The Most Accurate Free AI Revealed... ChatGPT Ranks Second, Who Is No.1?

WP and US Public and University Libraries Test AI Tools
Google “AI Mode” Ranks First Among Nine Major Platforms
“Many AI Tools Still Fail to Provide Accurate Answers”

According to an analysis, among artificial intelligence (AI) models, Google’s “AI Mode” provides the most accurate answers as a free search tool. On the 27th (local time), Yonhap News cited The Washington Post (WP) in the United States, reporting that “in an AI search tool test conducted by WP together with librarians from public and university libraries in the US, Google’s ‘AI Mode’ delivered the most accurate responses.”

The Most Accurate Free AI Revealed... ChatGPT Ranks Second, Who Is No.1?

In May, Liz Reid, Vice President in charge of Google Search, gave a speech at the I/O event.
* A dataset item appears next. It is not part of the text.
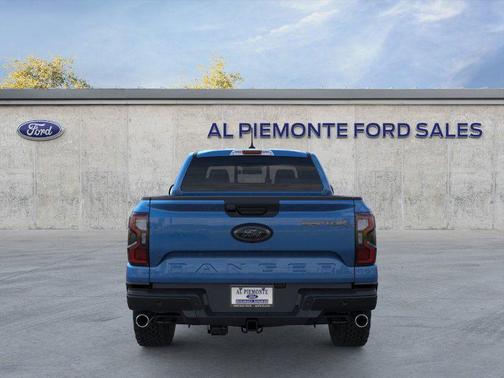Velocity Blue Metallic 2026 Ford Ranger Raptor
Photo by AP News

This test evaluated nine major AI tools, including Google AI Mode, AI Overview, ChatGPT (OpenAI), Claude (Anthropic), Meta AI, Grok (xAI), Perplexity, and Bing Copilot (Microsoft). ChatGPT included both the GPT-5 and GPT-4 Turbo models. Google AI Mode searches the web in depth and provides answers by synthesizing information from multiple sources, while AI Overview is a model that summarizes search results using AI.

The evaluators posed 30 challenging questions and scored 900 responses generated by the AI tools. All tools were tested using only their free basic versions (as of July to August), and the questions focused on five categories: quizzes, expert resource searches, recent events, inherent bias, and image recognition.

As a result, Google AI Mode received the highest score with 60.2 out of 100 points. ChatGPT based on GPT-5 came in second with 55.1 points, and Perplexity ranked third with 51.3 points. Elon Musk’s Grok 3 ranked eighth (40.1 points), and Meta AI received the lowest score, ranking ninth (33.7 points). However, Grok’s latest model, Grok 4, was not included in the test as there is no free version available.

Google AI Mode provided the most accurate answers in the quiz and recent events categories. Bing Copilot scored the highest in expert resource searches, and Perplexity led in image recognition. GPT-4 Turbo delivered the most unbiased answers. While GPT-5 showed overall performance improvements and ranked second, it scored lower than GPT-4 in some areas.

However, AI tools still struggle to determine whether information is up-to-date and how reliable the sources are, and they sometimes confidently provide incorrect answers-a phenomenon known as “hallucination.” WP emphasized, “This test deliberately targeted the weaknesses of AI, but it also revealed that AI still fails to answer a significant number of everyday questions accurately,” adding, “Ultimately, the lesson is that instead of trusting AI responses at face value, users must verify sources, check for up-to-date information, and apply critical thinking.”